When someone writes a computer program, they use many statements that look something like A=B+1. This simple operataion retrieves a piece of data from memory location B, adds one to it, and then stores the result in memory location B. Statements of this form are incredibly common in computer programs; they probably make up the majority of the operations performed by programs. With something so simple and common, you would think that it would be a trivial matter for the computer to carry it out. This is not the case at all. In this posting, I will give a very high-level introduction to some of the steps involved in just retrieving a single piece of data from memory. I have made a number of simplifications (such as placing the memory address translation before any of the caches), but hopefully it is detailed enough to give people a taste of the complexities involved.

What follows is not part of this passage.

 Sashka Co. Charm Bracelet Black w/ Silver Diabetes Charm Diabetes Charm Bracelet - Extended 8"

The first step is to translate the memory address used by the program into a different address, called a physical address. Most modern computers use a special thing called a memory-management unit (MMU) to allow each process on a system to pretend that it is the only thing running. It does this by having the process use a large set of virtual ("fake") addresses which are then translated by the MMU into physical ("real") addresses on demand. Of course, this can be a slow process; the computer must have a set of translation tables for each process that map from virtual to physcical memory addresses, and it must consult this table for every single memory access. These tables are stored in the computer's memory, and thus each memory access potentially turns into TWO memory accesses. Fortunately, a high-speed caching mechanism called the TLB is used to speed up translation table lookups, which makes the virtual-to-physical translation process fast enough to be feasible.

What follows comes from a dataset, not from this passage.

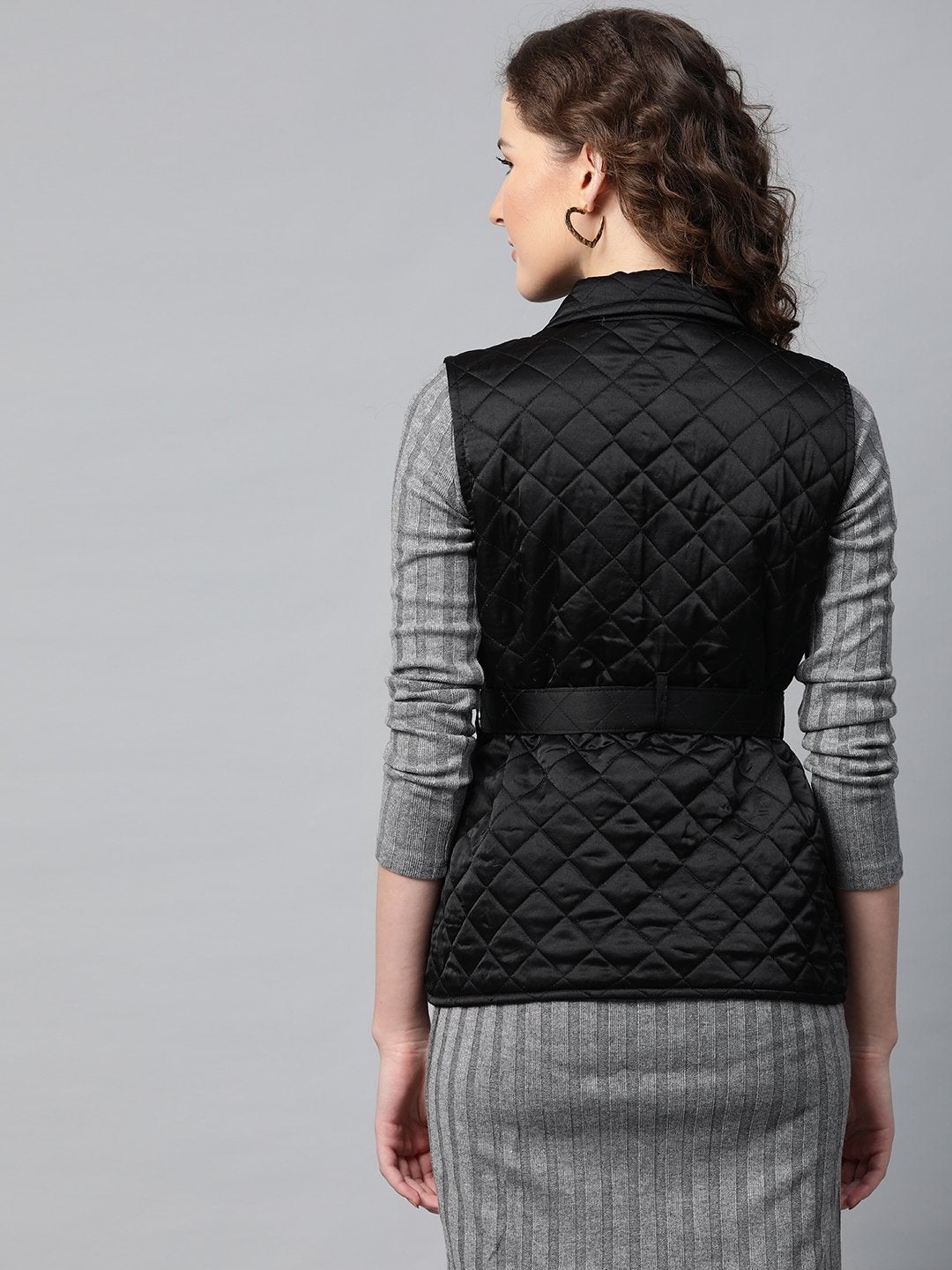 Women's Black Sleeveless Belted Satin Quilted Jacket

Once the computer has the physical address of the desired item in memory, it then proceeds to look in a set of high-speed caches for it. Although the RAM in a computer is incredibly fast when compared to something like a hard drive, it is actually somewhat slow when compared to the speed of a CPU. Thus, memory caches exist between the processor and memory that are small but fast. Whenever a piece of data is retrieved from RAM, it is subsequently placed into one or more of these caches so that future references to it are much quicker. A lot of effort has been put into making these various caches as fast and efficient as possible, as they can have a dramatic effect on the performance of a computer. In many modern computers, there are two levels of caches: L1, which is very small but also very fast, and L2, which is somewhat larger but also somewhat slower. Some processors even have a third cache (L3) that is even larger than the previous two. Each of these caches must be checked in turn to see if one of them contains the requested data.

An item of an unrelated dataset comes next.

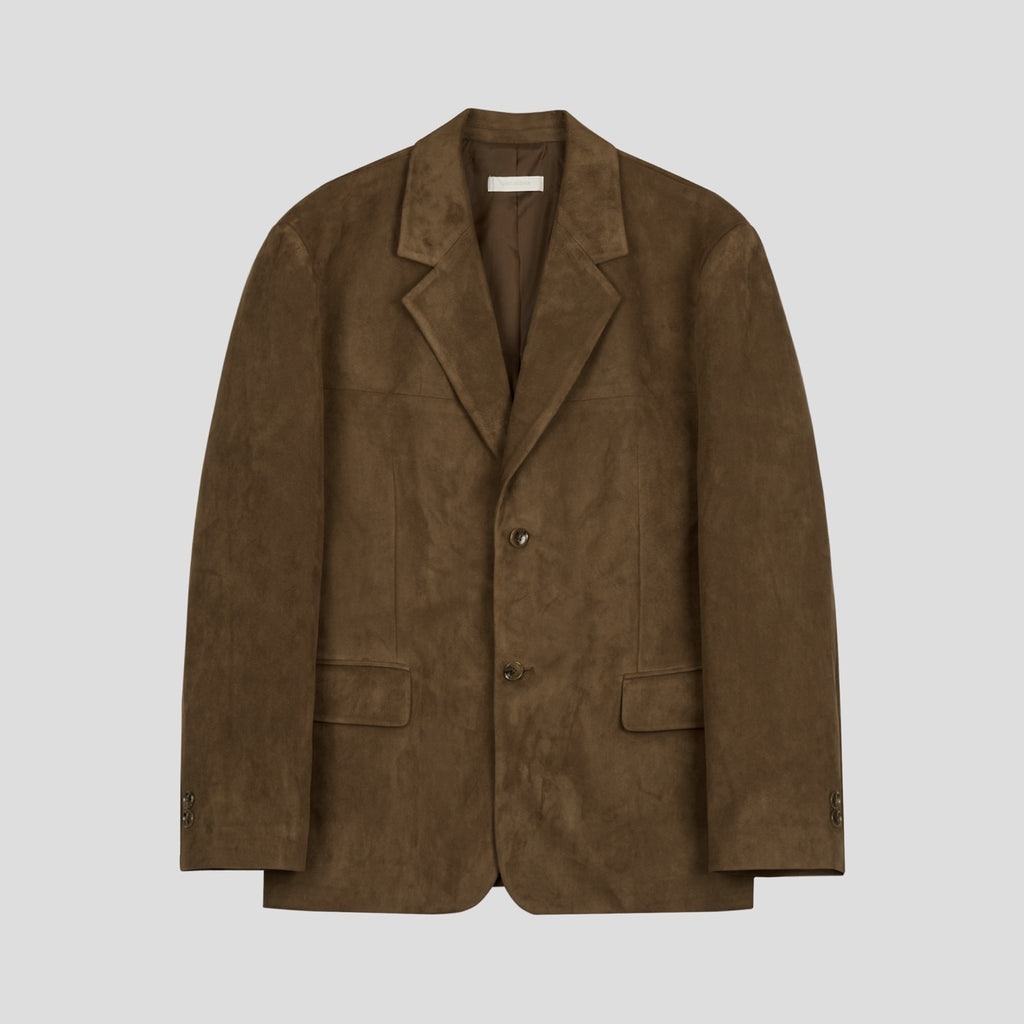 Blazer oversized in pelle scamosciata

If the requested data is not in any of the caches, then the computer is forced to actually retrieve it from main memory. This is a somewhat lengthy process and is one of the big obstacles in speeding up computers; in the time that it takes to retrieve a piece of data from memory, a processor could possibly execute hundreds or thousands of instructions. Unfortunately, the processor many times must simply sit and twiddle its thumbs while the memory system services the request.

There is another complication, though. Sometimes the operating system on the computer will tell a little white lie to the running processes by letting them believe that something is in RAM when it really is on the hard drive. This can happen in a few different circumstances, the most well-known of which is when the operating system "swaps" something out from memory to the drive. This works rather well when a block of data doesn't need to be used soon, but it does complicate memory accesses because the operating system needs to dynamically and transparently move things in and out of memory. Thus, if the requested piece of data has been swapped out to the hard drive, the memory system will essentially wake up the operating system and tell it to put it back into memory. This process is incredibly time consuming and involves thousands and thousands of additional memory accesses, as the operating system must determine where the data is located on the hard drive and communicate with the disk to load it in.

Once the requested piece of data has been found, the memory system returns the data to the processor (placing it into one or more of the caches along the way). After all is said and done, that single memory access has potentially cause numerous additional memory accesses, instruction executions, and even hard disk accesses. It is easy to see why computer and operating system designers work very hard to mitigate the costs associated with memory accesses by taking full advantage of high-speed caching mechanisms and advanced algorithms to predict program behavior. Even compilers use special tricks to try and ameliorate the situation, by doing things like reordering instructions and making the most efficient use of low-level processor resources.

This overview of a computer's memory system has been very brief, and thus is somewhat incorrect int its details. For further information, I would recommend that people read a good computer architecture book (such as Computer Organization and Design) as well as an introductory operating systems book (Operating System Concepts covers many of these details). The Wikipedia also has extensive coverage of many low-level computer architecture details like this.